• _Data to use_:
---------------

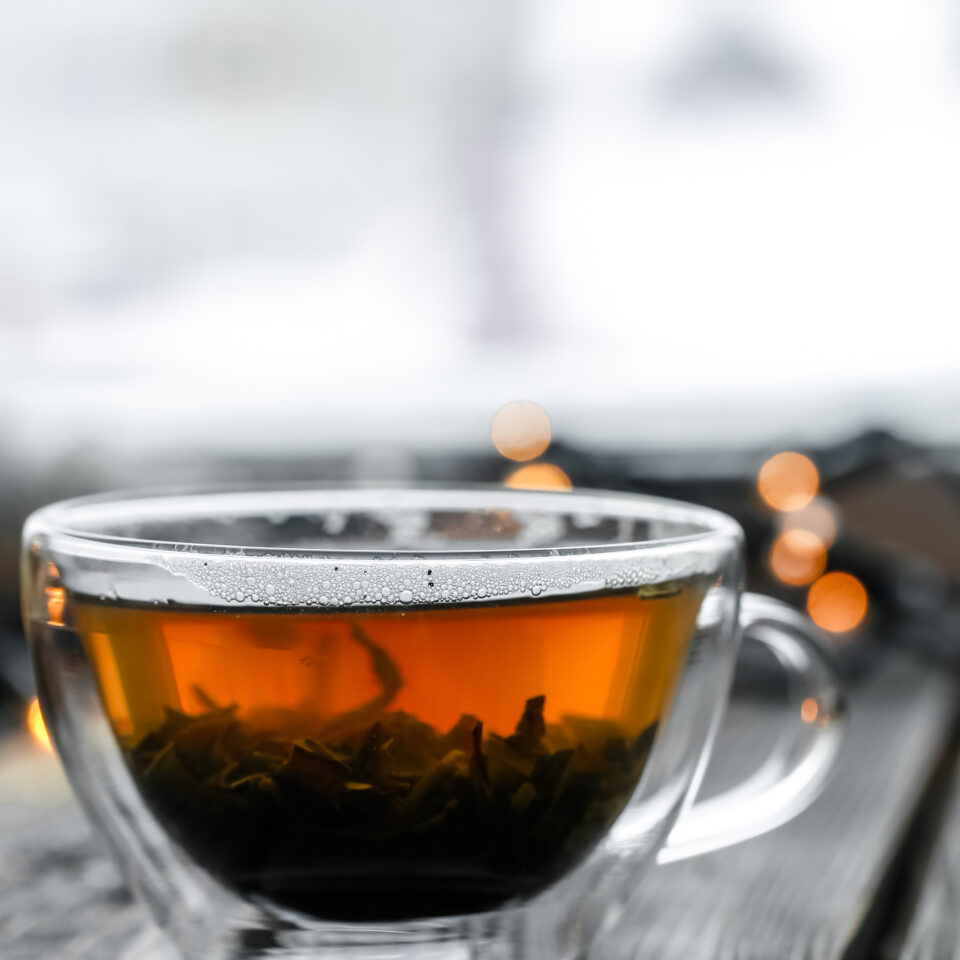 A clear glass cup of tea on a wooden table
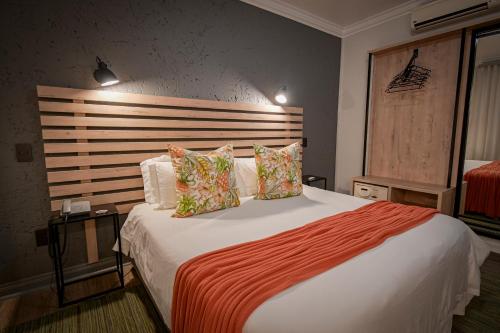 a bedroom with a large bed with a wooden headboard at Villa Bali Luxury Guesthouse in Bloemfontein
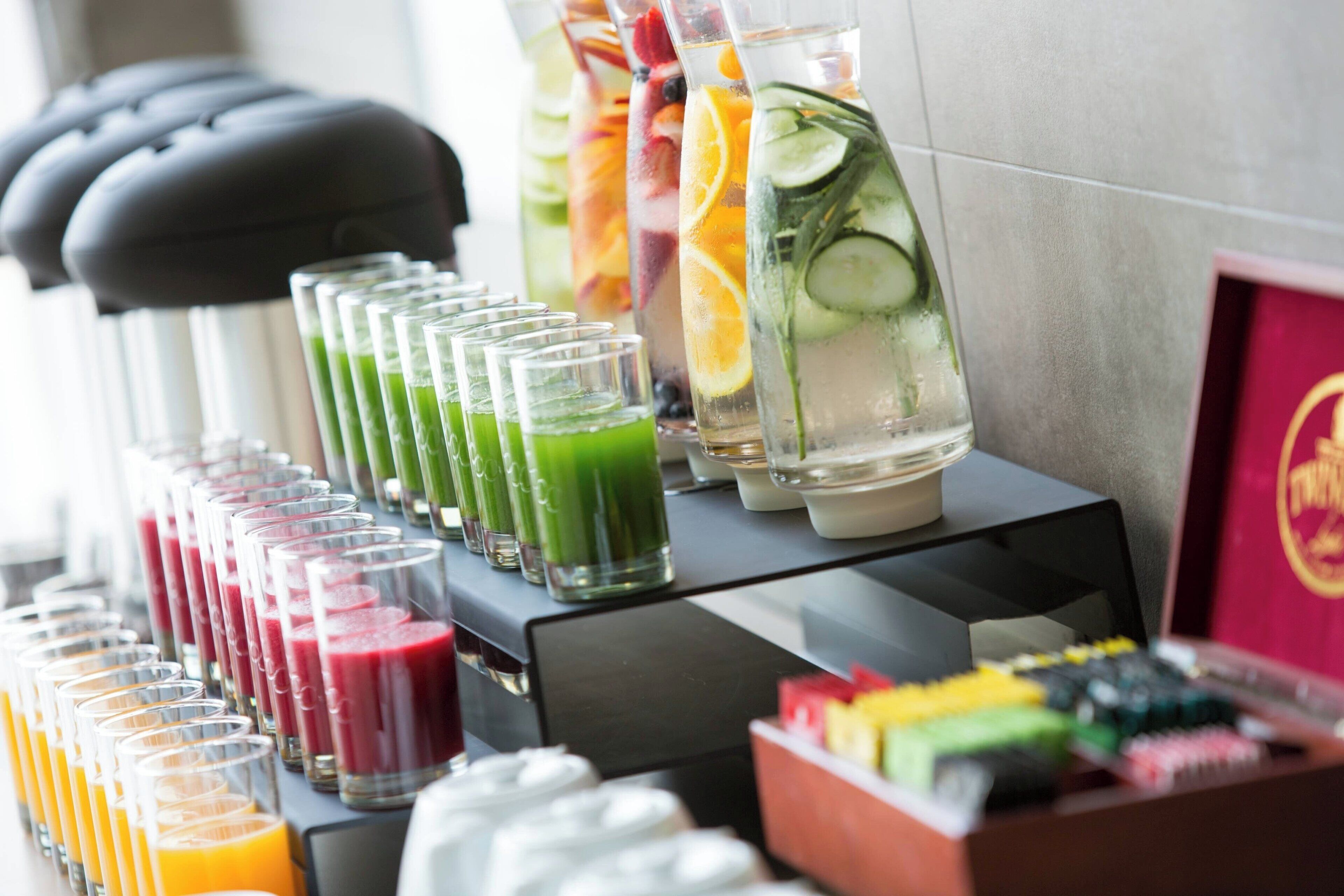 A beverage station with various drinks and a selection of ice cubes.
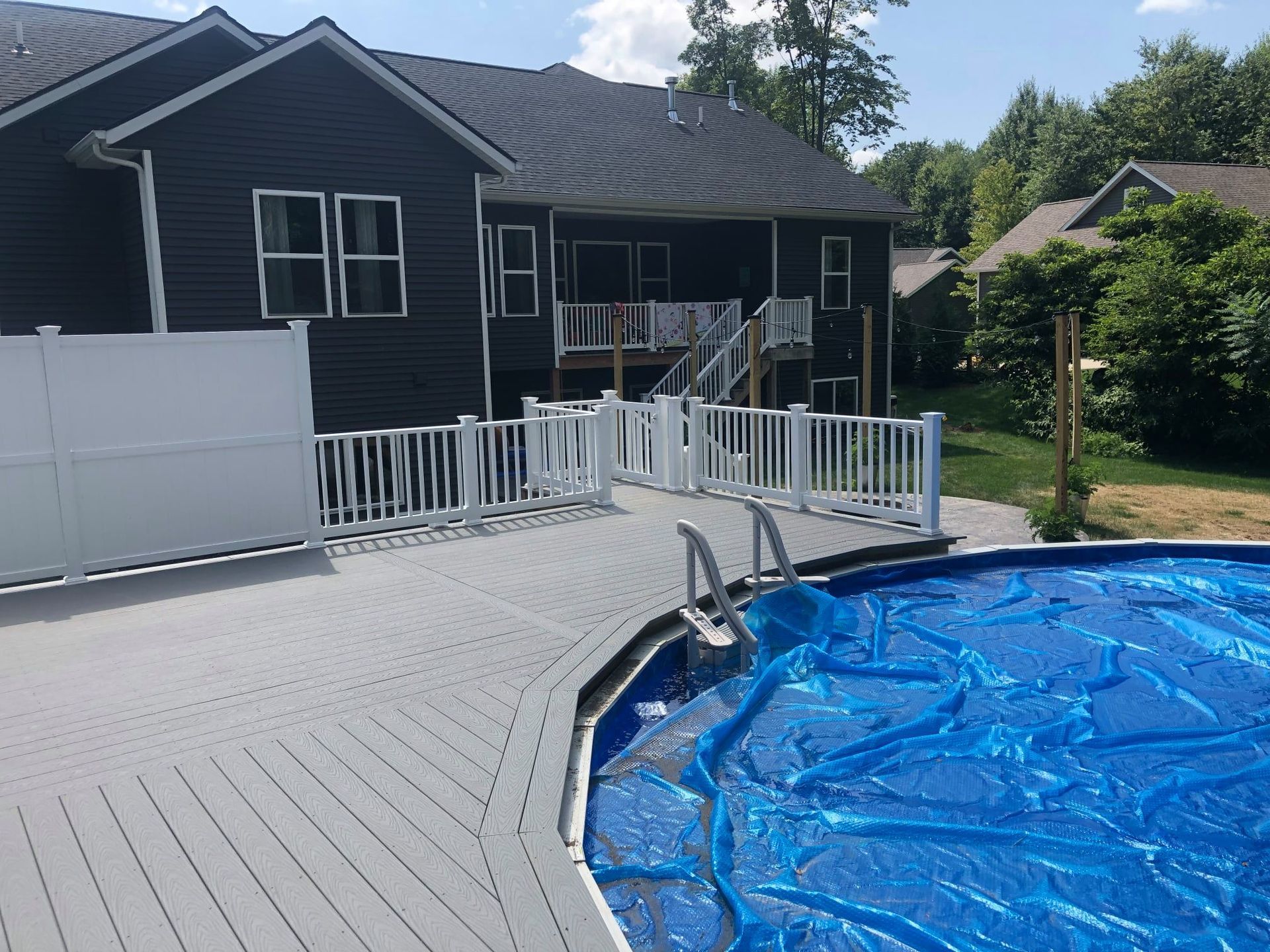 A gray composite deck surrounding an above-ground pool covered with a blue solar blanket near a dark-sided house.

---------------

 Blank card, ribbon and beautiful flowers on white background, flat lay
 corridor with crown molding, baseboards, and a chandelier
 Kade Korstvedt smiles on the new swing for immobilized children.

---------------

Go to the line above that contains "a bedroom with" and reproduce everything exactly from there through the line that contains "A gray composite", leaving out the pictures.

 a bedroom with a large bed with a wooden headboard at Villa Bali Luxury Guesthouse in Bloemfontein
 A beverage station with various drinks and a selection of ice cubes.
 A gray composite deck surrounding an above-ground pool covered with a blue solar blanket near a dark-sided house.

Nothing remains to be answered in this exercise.